How Snowplow Automates Private SaaS Infrastructure Across AWS and GCP at Scale
Jul 09, 2020
In this case study, you'll learn how Snowplow analytics uses the entire HashiStack in their private, multi-cloud SaaS model to automate setup, upgrades, and monitoring for 150+ big data pipeline deployments.
Snowplow provides a fully managed service solution where each client has their own individual systems stack that is 100% isolated from every other client and in their own cloud. We need our large (and growing) estate of configurable data pipelines to be consistent, up to date, and secure. This talk will discuss how Snowplow leverages the HashiStack to automate the setup, upgrade, and monitoring of over 150 big data pipeline deployments across multiple clouds through our Private SaaS model.
*Josh Beemster: *
Today we're going to be talking about how Snowplow Analytics manages private SaaS infrastructure at scale, across 150+ Amazon and GCP clients.
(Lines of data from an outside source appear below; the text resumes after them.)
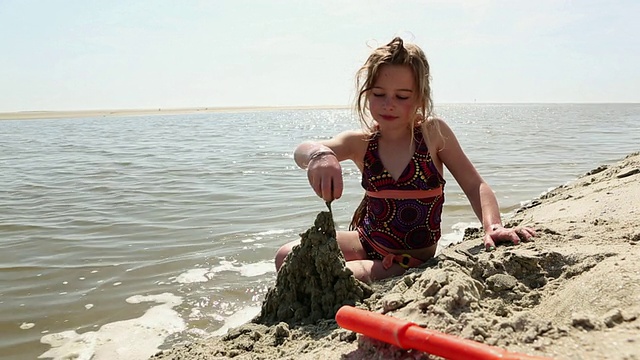 小女孩在沙滩上玩沙子/圣西蒙岛，美国乔治亚州视频素材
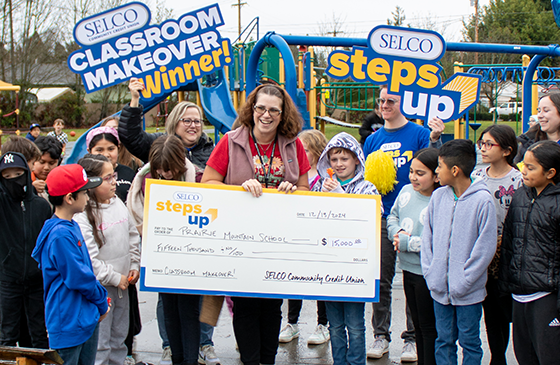 SELCO employees delivering a grant check to a classroom makeover winner. 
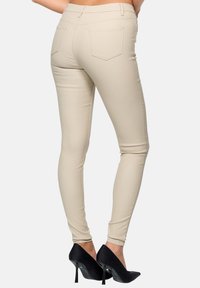 Jean skinny beige avec une texture lisse, taille mi-haute, deux poches arrière et une silhouette ajustée, accompagnés de chaussures à talons hauts noires.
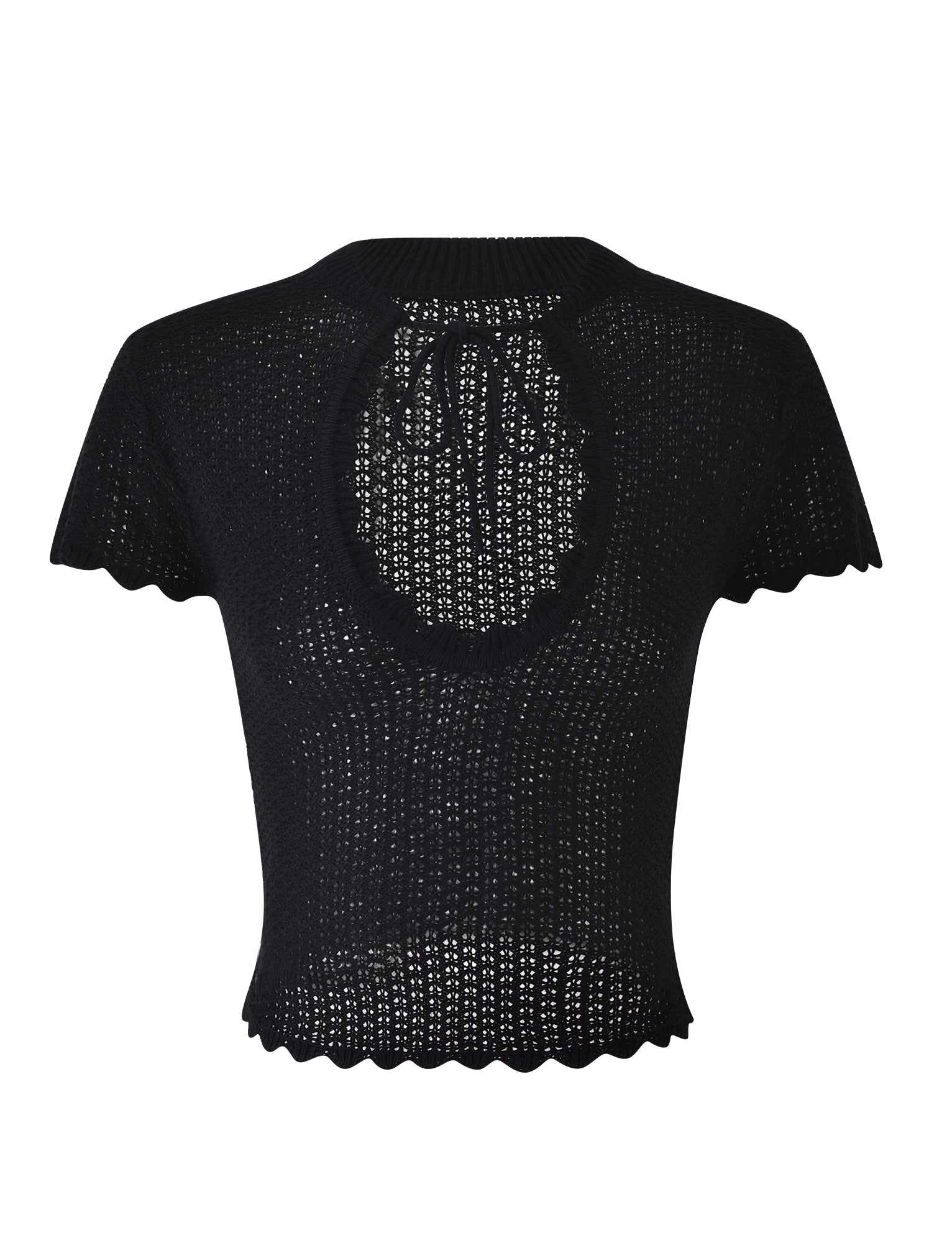 The TEREZA TOP - BLACK from TIGERMIST is a black knitted short-sleeve top featuring a tie detail at the back of the neck and a large keyhole cutout beneath it. The hem and sleeves boast wavy, scalloped edges, while the fabric features a loosely woven, airy pattern.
My name is Josh Beemster, and I'm the technical operations lead at Snowplow Analytics.
*João Luis: *
Hi, I'm João Luis, site reliability engineer at Snowplow. I write Terraform code.
*Josh Beemster: *
Snowplow Analytics is an open-source data collection platform. Our product lets you collect really granular, high-quality event-level data from all of your websites, apps, server-side tracking—anything you want to track, you can track with Snowplow.
We're not going to get into all the amazing things you can do with Snowplow, but we'll talk about the fact that it's composed of lots and lots of different systems.
From an orchestration point of view, this is quite complicated. We've got a lot of things that we need to stitch together. From collection, through data validation and enrichment, storing that data, modeling that data, and then analyzing that data, we help organize all of that.
Defining Private SaaS
To complete the picture, we're going to talk as well about what private SaaS is, and how it looks at Snowplow. Private SaaS is like SaaS, but rather than having a multi-tenanted environment, every client has their own environment, every client has their own stack, everything unique, everything sandboxed.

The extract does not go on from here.